WHAT THE TASK REQUIRES »
Please give every line below again exactly, but not its pictures.

INFORMATION SHOWN »

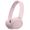 Sony WH-CH520 Rosa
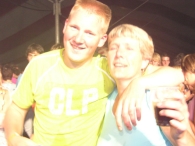 Feestweek 2006: Sixx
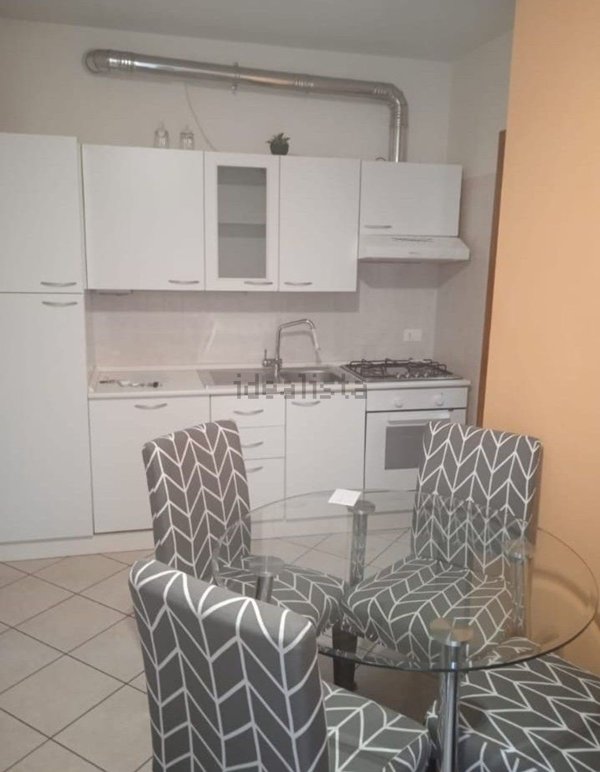 appartamento in affitto a Rovigo in zona Centro Storico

FINISHED TASK »
 Sony WH-CH520 Rosa
 Feestweek 2006: Sixx
 appartamento in affitto a Rovigo in zona Centro Storico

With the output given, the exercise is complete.